Cavaione: Diciotto nuovi stalli di sosta dopo le proteste dei cittadini

I residenti avevano segnalato che nella frazione erano disponibili solo 141 posti auto per 350 famiglie.

Cavaione: Diciotto nuovi stalli di sosta dopo le proteste dei cittadini

Dopo una forte mobilitazione da parte dei cittadini di Cavaione di Truccazzano, è stata finalmente trovata una soluzione alla carenza di parcheggi nella frazione. La questione era stata sollevata durante un incontro in sala consiliare il 21 maggio, in seguito alla raccolta firme da parte dei residenti.

Nuove aree di sosta individuate

La Giunta, seguendo le indicazioni del sindaco Franco De Gregorio, ha collaborato con il comandante della Polizia Locale, Federico Ornaghi, per identificare spazi idonei da destinare a parcheggio. Grazie a modifiche apportate, sono stati creati diciotto nuovi stalli di sosta, inclusi uno riservato alle persone con disabilità in via Pavese.

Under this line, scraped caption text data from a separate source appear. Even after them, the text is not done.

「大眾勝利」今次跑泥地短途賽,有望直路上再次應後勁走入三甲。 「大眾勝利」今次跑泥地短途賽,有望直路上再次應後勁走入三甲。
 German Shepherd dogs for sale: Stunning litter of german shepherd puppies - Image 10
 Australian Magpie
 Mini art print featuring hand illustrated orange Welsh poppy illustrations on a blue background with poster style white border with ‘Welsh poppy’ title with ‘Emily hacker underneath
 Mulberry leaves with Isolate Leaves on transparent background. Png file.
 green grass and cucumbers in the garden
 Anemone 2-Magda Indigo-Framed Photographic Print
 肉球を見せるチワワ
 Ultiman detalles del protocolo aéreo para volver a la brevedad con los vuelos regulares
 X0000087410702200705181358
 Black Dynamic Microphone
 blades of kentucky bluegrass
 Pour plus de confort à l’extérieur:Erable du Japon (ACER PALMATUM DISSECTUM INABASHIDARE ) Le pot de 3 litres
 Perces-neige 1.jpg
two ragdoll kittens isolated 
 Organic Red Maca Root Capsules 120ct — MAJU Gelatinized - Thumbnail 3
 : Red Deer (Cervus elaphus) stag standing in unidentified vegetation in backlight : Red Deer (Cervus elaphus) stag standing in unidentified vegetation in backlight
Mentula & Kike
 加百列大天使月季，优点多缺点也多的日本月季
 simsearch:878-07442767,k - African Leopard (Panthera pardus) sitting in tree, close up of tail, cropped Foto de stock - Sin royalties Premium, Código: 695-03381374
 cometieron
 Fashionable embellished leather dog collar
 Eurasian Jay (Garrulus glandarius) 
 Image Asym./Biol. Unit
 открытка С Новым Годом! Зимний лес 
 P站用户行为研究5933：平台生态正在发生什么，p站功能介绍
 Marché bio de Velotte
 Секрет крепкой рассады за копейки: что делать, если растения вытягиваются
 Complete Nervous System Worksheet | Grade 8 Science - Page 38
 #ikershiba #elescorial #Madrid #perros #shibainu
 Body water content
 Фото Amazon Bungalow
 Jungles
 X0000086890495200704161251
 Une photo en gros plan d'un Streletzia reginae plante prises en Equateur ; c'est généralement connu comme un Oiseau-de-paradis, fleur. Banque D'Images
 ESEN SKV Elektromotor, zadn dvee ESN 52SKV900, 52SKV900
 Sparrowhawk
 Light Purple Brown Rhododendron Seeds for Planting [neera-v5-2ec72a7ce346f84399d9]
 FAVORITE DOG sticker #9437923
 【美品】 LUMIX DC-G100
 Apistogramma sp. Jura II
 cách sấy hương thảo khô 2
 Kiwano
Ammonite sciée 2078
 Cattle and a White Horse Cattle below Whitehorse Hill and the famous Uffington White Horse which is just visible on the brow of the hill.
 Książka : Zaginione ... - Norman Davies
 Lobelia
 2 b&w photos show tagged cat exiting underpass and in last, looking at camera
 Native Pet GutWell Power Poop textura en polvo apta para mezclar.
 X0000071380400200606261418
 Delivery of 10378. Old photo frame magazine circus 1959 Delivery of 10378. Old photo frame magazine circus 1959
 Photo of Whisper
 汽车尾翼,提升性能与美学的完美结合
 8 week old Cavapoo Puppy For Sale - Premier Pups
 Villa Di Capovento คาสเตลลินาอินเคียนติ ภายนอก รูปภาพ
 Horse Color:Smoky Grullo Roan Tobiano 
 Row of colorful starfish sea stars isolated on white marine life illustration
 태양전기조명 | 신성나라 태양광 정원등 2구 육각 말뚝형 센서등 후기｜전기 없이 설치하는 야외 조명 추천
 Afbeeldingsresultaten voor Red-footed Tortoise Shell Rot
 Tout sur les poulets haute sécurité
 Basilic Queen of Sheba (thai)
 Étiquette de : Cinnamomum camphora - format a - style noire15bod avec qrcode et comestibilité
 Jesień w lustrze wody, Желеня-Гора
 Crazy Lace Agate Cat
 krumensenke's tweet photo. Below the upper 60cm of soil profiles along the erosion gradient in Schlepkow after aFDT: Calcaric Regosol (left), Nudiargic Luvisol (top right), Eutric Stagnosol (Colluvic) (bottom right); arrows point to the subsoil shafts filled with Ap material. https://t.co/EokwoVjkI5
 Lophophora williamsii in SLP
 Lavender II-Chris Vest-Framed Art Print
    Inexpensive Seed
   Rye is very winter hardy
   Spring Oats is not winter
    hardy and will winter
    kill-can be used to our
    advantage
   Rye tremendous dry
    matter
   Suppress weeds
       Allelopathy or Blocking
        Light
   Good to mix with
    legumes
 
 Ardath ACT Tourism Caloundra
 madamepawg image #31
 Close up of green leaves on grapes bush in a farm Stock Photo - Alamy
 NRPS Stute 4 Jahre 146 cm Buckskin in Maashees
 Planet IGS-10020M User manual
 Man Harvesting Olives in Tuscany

Il contributo dei cittadini, attraverso segnalazioni e osservazioni, si è rivelato cruciale per individuare soluzioni efficaci e migliorare i servizi per la comunità. Tuttavia, questa è solo una prima fase, visto che il problema principale rimane: la frazione conta solo 141 posti per circa 350 famiglie.

Critiche dall’opposizione

Il provvedimento ha suscitato malcontento nel gruppo misto di opposizione in Consiglio comunale. Vincenzo Barretta, esponente del gruppo, ha espresso il suo disappunto:

Un anno fa avevo presentato una mozione che proponeva proprio alcune delle soluzioni oggi celebrate dall’Amministrazione comunale.

In aula mi fu risposto che quei posti auto non potevano essere realizzati, che non erano necessari perché quelli in fondo a via Pavese erano sempre vuoti e che, in fondo, il sindaco a Cavaione trovava sempre parcheggio. Oggi scopriamo che i posti si potevano fare, eccome.

Esattamente come sostenevano i cittadini e come era stato proposto allora. Peccato che per arrivarci siano serviti un anno di attesa, una petizione popolare e mesi di disagi per i residenti, molti dei quali nel frattempo hanno dovuto convivere con difficoltà quotidiane e pagare diverse multe.

Bene i 18 nuovi stalli, meglio tardi che mai. Però quando un’idea viene bocciata perché dichiarata impossibile e poi viene realizzata identica dodici mesi dopo dietro forte pressione dei cittadini, forse ci sarebbe poco da autocelebrarsi e molto da riflettere. Il tempo, come sempre, è galantuomo.